As well as sampling some excellent food during our time there, we also got the opportunity to enjoy the liquid side of life with both beer and wine – although sadly not whiskey on this trip.
The beer list in L Mulligan Grocer, our first dinner stop, is impressively long and would be the envy of the finest London craft beer bar. Although there are plenty of international beers on offer, there are lots of great local brews to be had too – from the traditional (but delicious) Dark Arts Porter from Trouble Brewing, to 8 Degrees‘ Sunburnt which drips with enough New World hops to make any microbrewer proud.
Porterhouse are probably beyond the definition of a microbrewery by now, with a number of their own pubs, all serving their own range of their own seriously tasty brews. They even have a bar here in the UK, where hopefully I’ll get to make a more in-depth exploration of their beer.
If beer isn’t your cup of tea, the Dublin Wine Rooms have the most cunning device for selling wine that I’ve come across – dozens of bottles all plumbed into an automated system that allows you to buy by the glass or even just the sample measure, many for just a Euro or two. Sadly none of it is Irish wine (although there is at least one vineyard in Ireland) but it’s great fun.
Of course, there is that elephant in the room. And it’s almost obligatory to visit to the Guinness brewery – sorry, the “Storehouse”. I would call it a brewery tour, but you don’t actually see any brewing, you don’t hear much about the brewing process and the hop plants growing up the wall are plastic.
My initial thought was that this was a brewery tour the way Disney would do it, but that’s rather unfair to Disney. It was more like a Thorpe Park brewery ride. They did let us all pour (and subsequently drink) a pint though, so it wasn’t all bad. And yes, I really did pour that pint all by myself.

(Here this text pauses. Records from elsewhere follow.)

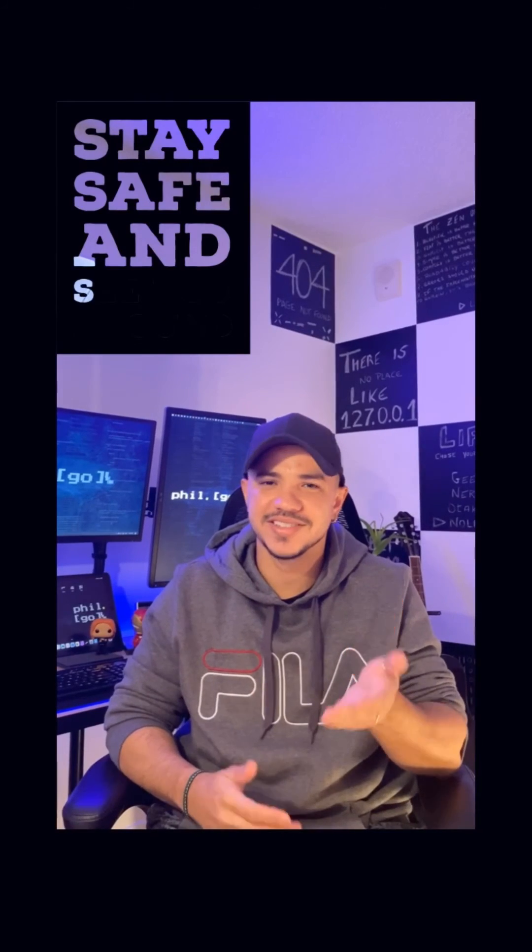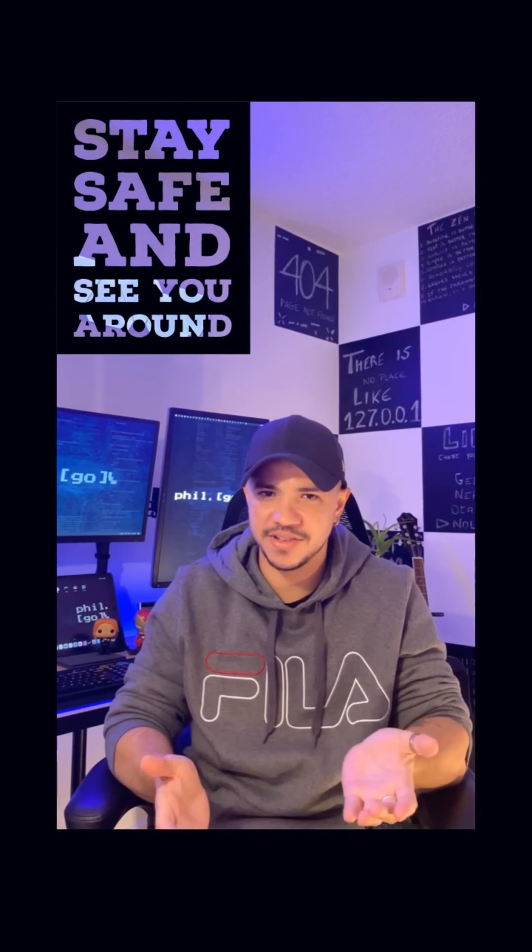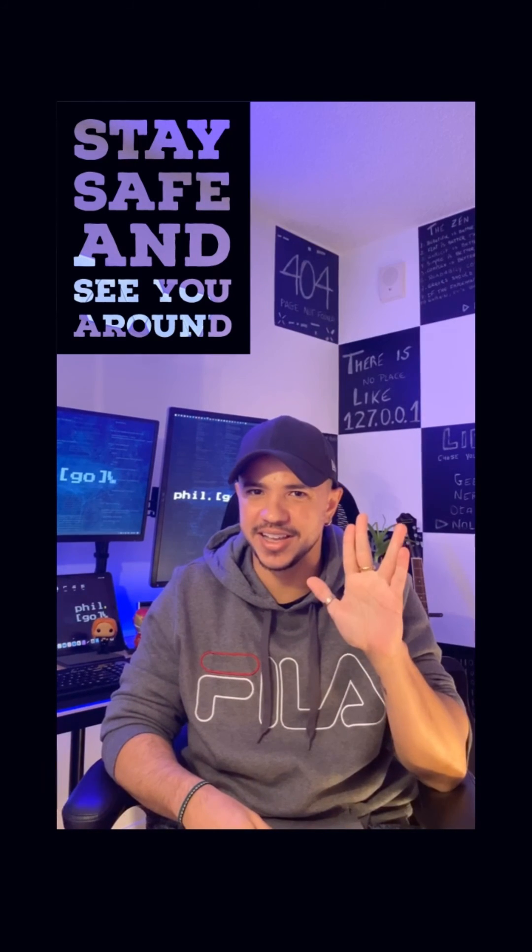Well that's all for today. I hope you guys have enjoyed. Stay safe. See you around. Bye!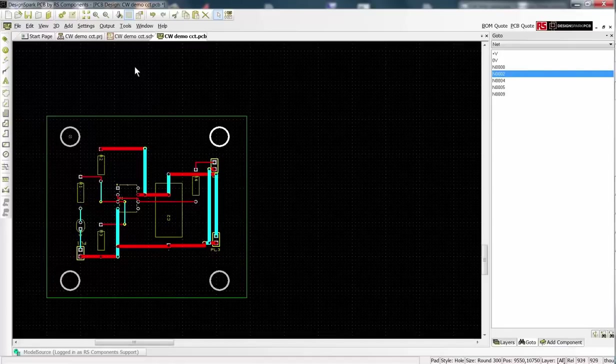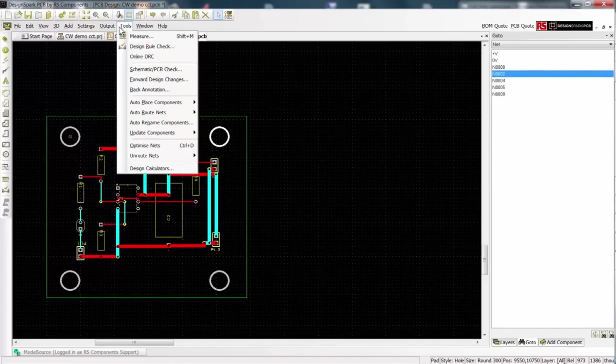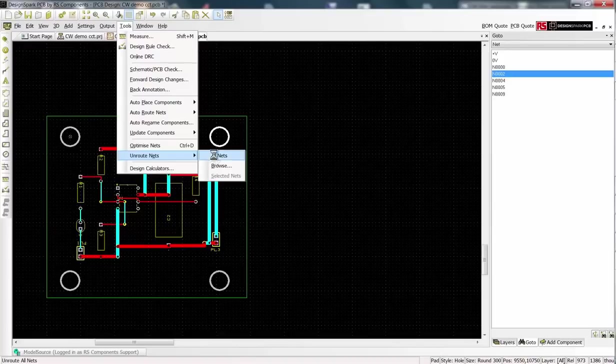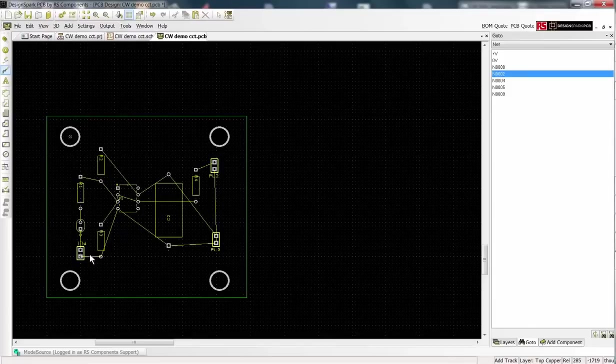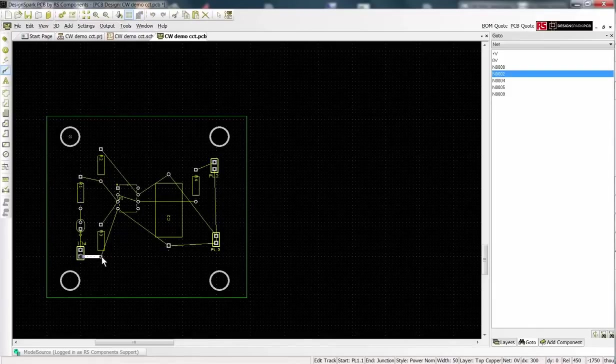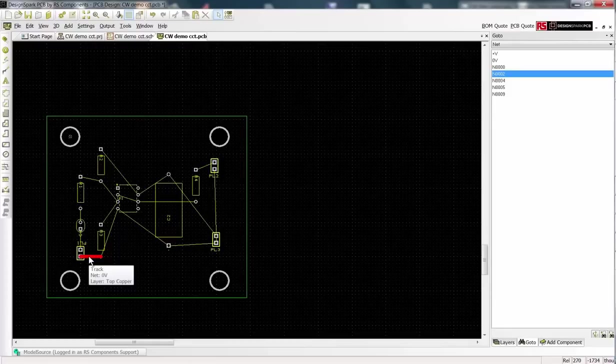Unroute all the nets by selecting Tools from the menu bar. We are now ready to manually add our own tracks. Select the Add Track icon from the sidebar. Click on the yellow air wire not the pad and the track will be placed from the pin.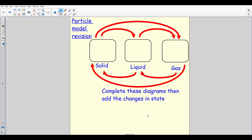Hello everyone. In this video we're going to be going through some particle model revision. If you're just watching straight through, feel free to watch all the way through. If your physics teacher has given you a little booklet, you probably want to be pausing after each section and having a go at the questions relating to it. Once you've seen a section, try the questions before moving on.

Don’t go there for the “experience” (unless you have a deep need to be told about the evolution of Guinness advertising through the years), but the views across Dublin from their Gravity Bar, perched on top of the brewery, are well worth seeing.
My thanks go to Bord Bia for the trip; I’m certainly looking forward to heading back to Ireland. Perhaps next time I’ll have to do some exploring of the other side of Irish drinking – whiskey!
Pete Drinks was a guest of Bord Bia and of L Mulligan Grocer, Porterhouse, Dublin Wine Rooms and Guinness.